## [Exercise aim]
Character for character, reproduce every entry below.

## [Records shown]
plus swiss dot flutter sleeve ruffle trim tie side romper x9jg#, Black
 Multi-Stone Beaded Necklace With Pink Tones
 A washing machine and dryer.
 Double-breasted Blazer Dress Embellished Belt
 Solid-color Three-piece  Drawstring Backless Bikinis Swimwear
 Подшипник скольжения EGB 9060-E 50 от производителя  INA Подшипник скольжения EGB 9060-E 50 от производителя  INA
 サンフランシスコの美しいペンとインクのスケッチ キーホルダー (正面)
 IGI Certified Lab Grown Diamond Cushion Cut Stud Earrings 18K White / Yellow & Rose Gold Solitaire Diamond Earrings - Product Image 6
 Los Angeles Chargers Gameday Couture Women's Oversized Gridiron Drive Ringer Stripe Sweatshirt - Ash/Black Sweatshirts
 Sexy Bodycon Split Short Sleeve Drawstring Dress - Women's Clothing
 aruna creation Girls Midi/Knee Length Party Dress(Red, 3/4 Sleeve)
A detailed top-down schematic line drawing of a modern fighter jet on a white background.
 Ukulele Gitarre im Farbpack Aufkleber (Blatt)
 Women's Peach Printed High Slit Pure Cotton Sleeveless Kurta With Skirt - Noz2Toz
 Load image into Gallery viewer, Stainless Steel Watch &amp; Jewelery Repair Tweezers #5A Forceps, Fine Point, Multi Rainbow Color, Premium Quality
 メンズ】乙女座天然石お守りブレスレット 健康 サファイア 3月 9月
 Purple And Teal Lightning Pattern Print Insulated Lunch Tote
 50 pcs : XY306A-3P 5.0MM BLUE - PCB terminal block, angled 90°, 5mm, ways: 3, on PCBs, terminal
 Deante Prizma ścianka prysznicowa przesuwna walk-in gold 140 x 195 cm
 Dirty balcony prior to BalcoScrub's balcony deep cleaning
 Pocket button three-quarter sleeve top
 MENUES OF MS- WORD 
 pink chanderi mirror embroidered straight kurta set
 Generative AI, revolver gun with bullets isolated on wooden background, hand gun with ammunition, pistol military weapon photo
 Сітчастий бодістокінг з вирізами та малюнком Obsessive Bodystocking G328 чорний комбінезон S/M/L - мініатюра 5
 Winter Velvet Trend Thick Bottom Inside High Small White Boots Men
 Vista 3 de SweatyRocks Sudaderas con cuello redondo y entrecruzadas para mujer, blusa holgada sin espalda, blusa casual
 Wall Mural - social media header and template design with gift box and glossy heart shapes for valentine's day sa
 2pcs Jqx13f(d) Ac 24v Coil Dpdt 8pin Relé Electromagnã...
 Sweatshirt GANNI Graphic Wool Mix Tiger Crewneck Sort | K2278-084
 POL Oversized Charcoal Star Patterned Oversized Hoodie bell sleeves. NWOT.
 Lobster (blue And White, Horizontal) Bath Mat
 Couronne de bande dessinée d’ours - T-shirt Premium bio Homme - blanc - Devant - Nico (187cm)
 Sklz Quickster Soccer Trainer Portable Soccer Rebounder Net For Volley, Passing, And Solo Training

## [Answer section]
plus swiss dot flutter sleeve ruffle trim tie side romper x9jg#, Black
 Multi-Stone Beaded Necklace With Pink Tones
 A washing machine and dryer.
 Double-breasted Blazer Dress Embellished Belt
 Solid-color Three-piece  Drawstring Backless Bikinis Swimwear
 Подшипник скольжения EGB 9060-E 50 от производителя  INA Подшипник скольжения EGB 9060-E 50 от производителя  INA
 サンフランシスコの美しいペンとインクのスケッチ キーホルダー (正面)
 IGI Certified Lab Grown Diamond Cushion Cut Stud Earrings 18K White / Yellow & Rose Gold Solitaire Diamond Earrings - Product Image 6
 Los Angeles Chargers Gameday Couture Women's Oversized Gridiron Drive Ringer Stripe Sweatshirt - Ash/Black Sweatshirts
 Sexy Bodycon Split Short Sleeve Drawstring Dress - Women's Clothing
 aruna creation Girls Midi/Knee Length Party Dress(Red, 3/4 Sleeve)
A detailed top-down schematic line drawing of a modern fighter jet on a white background.
 Ukulele Gitarre im Farbpack Aufkleber (Blatt)
 Women's Peach Printed High Slit Pure Cotton Sleeveless Kurta With Skirt - Noz2Toz
 Load image into Gallery viewer, Stainless Steel Watch &amp; Jewelery Repair Tweezers #5A Forceps, Fine Point, Multi Rainbow Color, Premium Quality
 メンズ】乙女座天然石お守りブレスレット 健康 サファイア 3月 9月
 Purple And Teal Lightning Pattern Print Insulated Lunch Tote
 50 pcs : XY306A-3P 5.0MM BLUE - PCB terminal block, angled 90°, 5mm, ways: 3, on PCBs, terminal
 Deante Prizma ścianka prysznicowa przesuwna walk-in gold 140 x 195 cm
 Dirty balcony prior to BalcoScrub's balcony deep cleaning
 Pocket button three-quarter sleeve top
 MENUES OF MS- WORD 
 pink chanderi mirror embroidered straight kurta set
 Generative AI, revolver gun with bullets isolated on wooden background, hand gun with ammunition, pistol military weapon photo
 Сітчастий бодістокінг з вирізами та малюнком Obsessive Bodystocking G328 чорний комбінезон S/M/L - мініатюра 5
 Winter Velvet Trend Thick Bottom Inside High Small White Boots Men
 Vista 3 de SweatyRocks Sudaderas con cuello redondo y entrecruzadas para mujer, blusa holgada sin espalda, blusa casual
 Wall Mural - social media header and template design with gift box and glossy heart shapes for valentine's day sa
 2pcs Jqx13f(d) Ac 24v Coil Dpdt 8pin Relé Electromagnã...
 Sweatshirt GANNI Graphic Wool Mix Tiger Crewneck Sort | K2278-084
 POL Oversized Charcoal Star Patterned Oversized Hoodie bell sleeves. NWOT.
 Lobster (blue And White, Horizontal) Bath Mat
 Couronne de bande dessinée d’ours - T-shirt Premium bio Homme - blanc - Devant - Nico (187cm)
 Sklz Quickster Soccer Trainer Portable Soccer Rebounder Net For Volley, Passing, And Solo Training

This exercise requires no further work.